▶ **AVAILABLE DATA**:
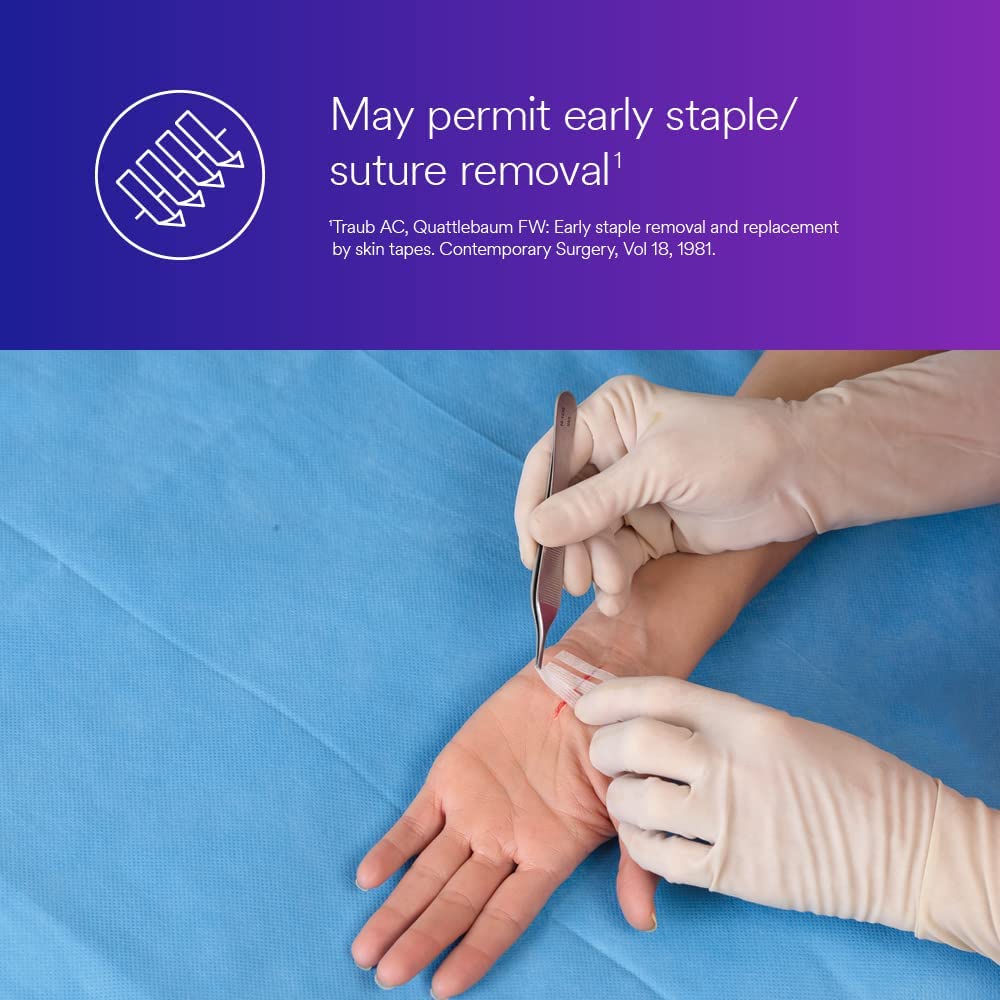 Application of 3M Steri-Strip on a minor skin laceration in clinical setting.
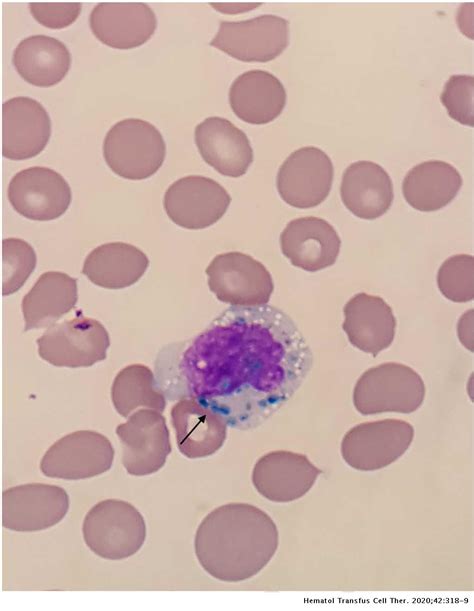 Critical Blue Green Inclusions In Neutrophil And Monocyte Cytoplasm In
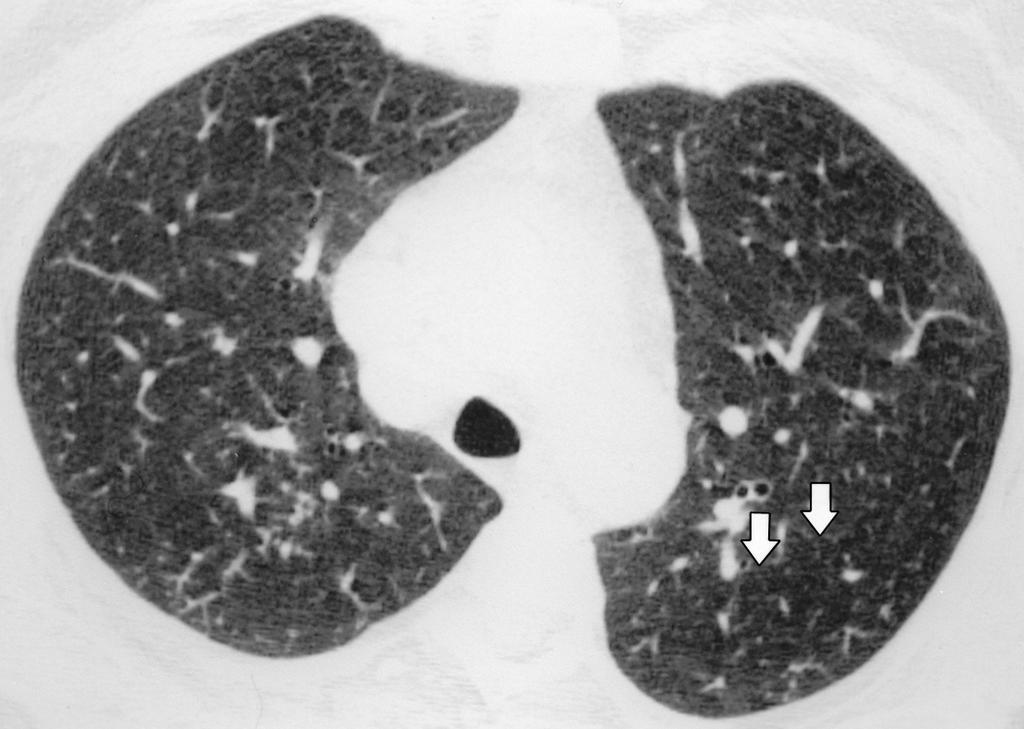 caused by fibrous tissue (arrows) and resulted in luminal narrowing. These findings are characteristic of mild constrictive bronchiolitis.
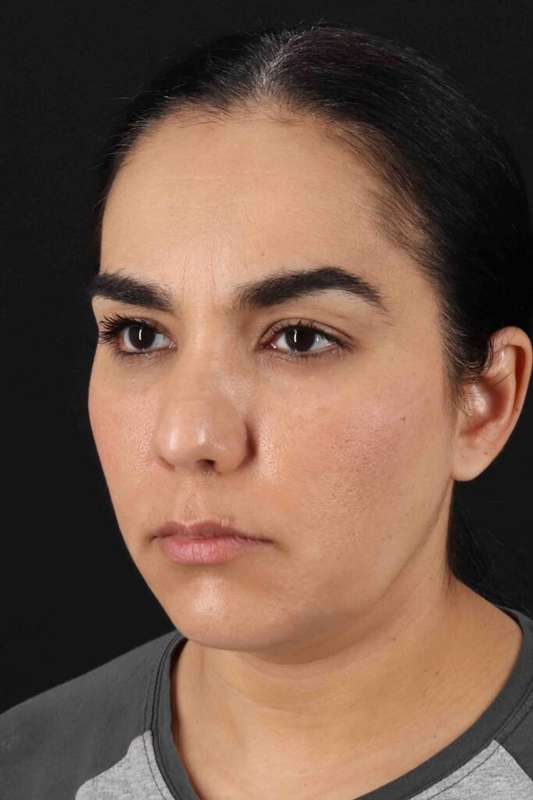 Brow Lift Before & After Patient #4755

▶ **WORK TASK**:
In the listing above, find the line containing "Critical Blue Green" and restate it and every later line verbatim, with the pictures left out.

▶ **TASK SOLUTION**:
 Critical Blue Green Inclusions In Neutrophil And Monocyte Cytoplasm In
 caused by fibrous tissue (arrows) and resulted in luminal narrowing. These findings are characteristic of mild constrictive bronchiolitis.
 Brow Lift Before & After Patient #4755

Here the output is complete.